"Drink their blood" was the best one I came across in my time, followed by "disembowel the f ... ..s" in second, with "they tried to (censored) our sisters," third and a would be winner, but for the fact some of the lads didn't have sisters.
These are, of course, a selection of dressing room and pitch side exhortations. The last one is easy enough to follow, but the other two came from men who had a strong background in the classics and vampire movies.
This Leinster-Munster rivalry is beginning to annoy me. It has gone too far and has Tom Tommed off in the wrong direction.
A Pale (but interesting) friend told me he was in a pub in Limerick where many of the locals were cheering for Harlequins against Leinster.
I truly love Limerick -- you all know that -- but the old polarity between the different rugby clubs in the city seems to have infiltrated the Munster psyche.
A Limerick person will never tell you someone is a doctor, or a Fianna Failer. You will be identified as Shannon, or Crescent, or Garryowen, or Bohs, or Munster and that, in itself, will tell the initiated all they need to know about your background.
The rivalry has undoubtedly upped the quality and intensity of the game, but the slagging has ricocheted in every direction like one of those trick bouncing balls. The hop balls were fleeting and quick-fire, but now, with the internet, comments are permanently on record and are easy accessed by the opposition.

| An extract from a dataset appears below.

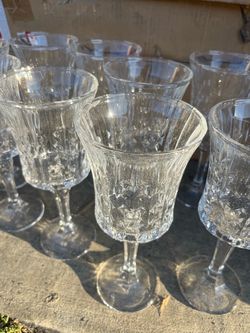 Set of 10  Diamond Pattern Pressed Glass Wine Goblets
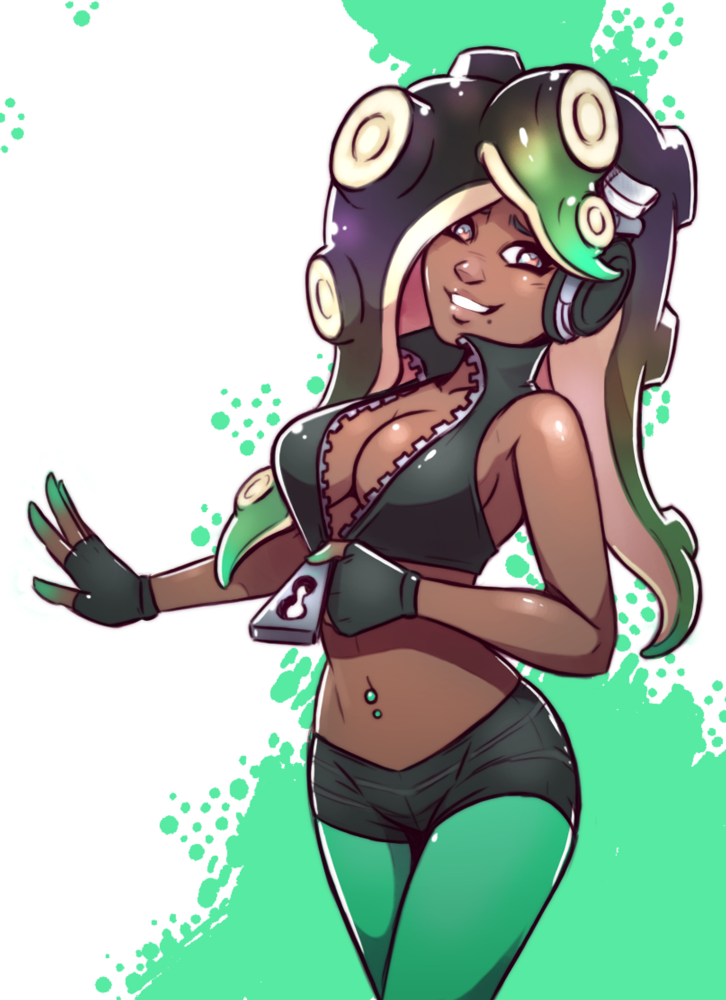 1girl breasts cephalopod_eyes cleavage commentary crop_top dark_skin dave_cheung fingerless_gloves gloves green_eyes green_legwear headphones iida_(splatoon) long_hair medium_breasts midriff mole mole_under_mouth nail_polish navel_piercing octarian pantyhose piercing purple_hair shorts sleeveless smile solo splatoon splatoon_2 tentacle_hair unzipping zipper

Indeed, the 'net' is the last refuge of the know-all luder, who can get no one to listen to him in the pub.
I can't handle the crowing after beating Leinster. If you want to motivate the opposition, there's no better way than by poking fun at them, or by belittling their efforts. Yes, there were Leinster men who got soft caps. Yes, we had selectors, all now dead, who were as useless at picking as men hunting for periwinkles when the tide was in.
Munster and, in particular, Shannon were bitter and rightly so, but times have moved on and while we may disagree with certain selections, there is no bias.

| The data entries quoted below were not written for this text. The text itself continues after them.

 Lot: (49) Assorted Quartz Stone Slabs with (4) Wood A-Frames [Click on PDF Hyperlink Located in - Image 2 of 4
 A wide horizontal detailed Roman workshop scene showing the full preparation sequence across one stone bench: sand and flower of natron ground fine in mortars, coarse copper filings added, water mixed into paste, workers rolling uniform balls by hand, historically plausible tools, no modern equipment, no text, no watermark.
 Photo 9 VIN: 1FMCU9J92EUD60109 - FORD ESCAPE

Munster fans will agree when I say the deranged comments of a minority, who hide behind hoody web aliases, are to be abhorred and believe me when I say such statements do not reflect the true feelings of us Munster fans.
We have no idea who posts the comments, for all we know they could be double agents, but there's no better way of getting Leinster psyched up.

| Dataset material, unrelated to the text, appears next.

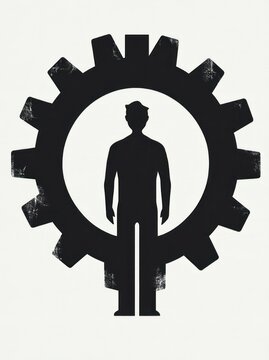 black silhouette of a standing person centered inside a weathered gear on white background conveying mechanization and isolation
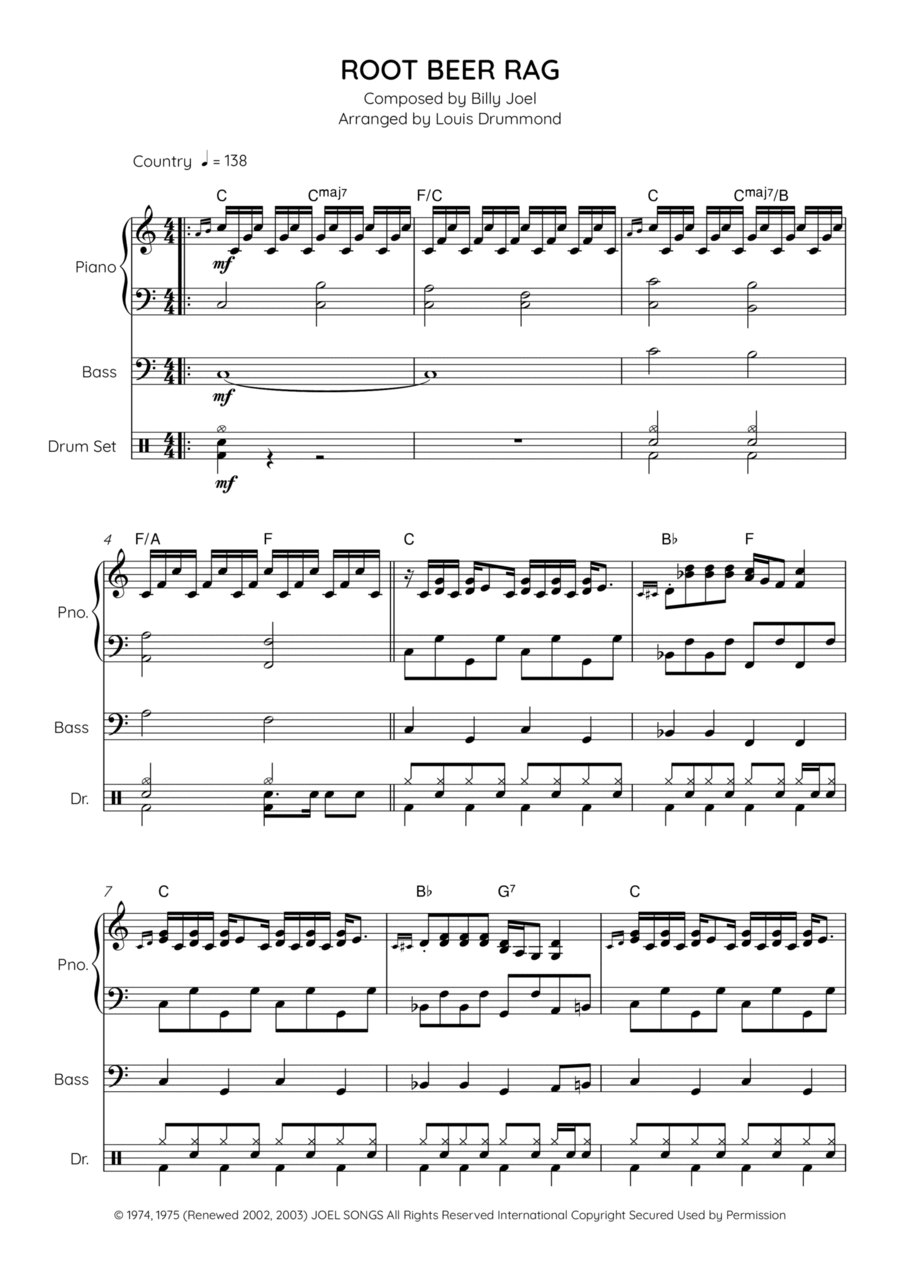 Root Beer Rag Bass Voice scores gallery preview page 1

There's no harm in a bit of banter and even when you get knocked, the posts can be hilarious -- just like this one: "The Cork hurlers are back on strike and they won't give up until Brian Cody resigns" -- but it can go too far.
Now Jonathan Sexton happens to be my godson and God help us, he plays for Leinster. Don't blame the young lad -- he was born in Dublin and being very young at the time, he had no say in the matter.
His dad, Jerry, is a Kerryman, a schoolboy international and a past captain of beloved Bective. Jonathan's lovely mother, Clare, loves Ballybunion and Listowel. His uncle Willie played for Ireland, Munster, Garryowen and Listowel Emmets when it was both unprofitable and dangerous. Jonathan got into a bit of bother against Munster, but it wasn't actually his boot that made contact with Mafi -- so easy up on him.
I am very fond of the young lad -- now that the godchild is in the money, he sends me on a good few quid every week. He is a big Kerry football fan and I know how much it would mean to him to play in Croke Park. I hope too, if he does get a run, he will score five tries, a drop goal from inside his own parallelogram and still end up on the losing team.
We are all mixed up in the melting saucepan that is this little country. For me it has never been a question of being against Leinster -- I'm just for Munster.
Those of us who cheered on our Grand Slam heroes in Cardiff didn't care what province the winners came from; indeed, there was a spontaneous singing tribute in Thomond last Sunday when the Munster fans reprised Tommy Bowe's greatest hit -- 'The Black Velvet Band'.
And that brings us to the last reason for being nice to Leinster -- the bookies have it completely wrong and Leinster do have a chance. The All-Ireland semi-final will be some battle.
So, let's go easy on Leinster just in case they flay us with our own words.
PS: Pride of the Parish gives a superb insight into the love of place that has made the GAA what it is today.
Check it out on RTE 1 on Fridays at 8.30, but don't forget to go to your local afterwards. Things are very bad. And good luck to my pals from Tullamore in the Towns Cup Final. No better boys.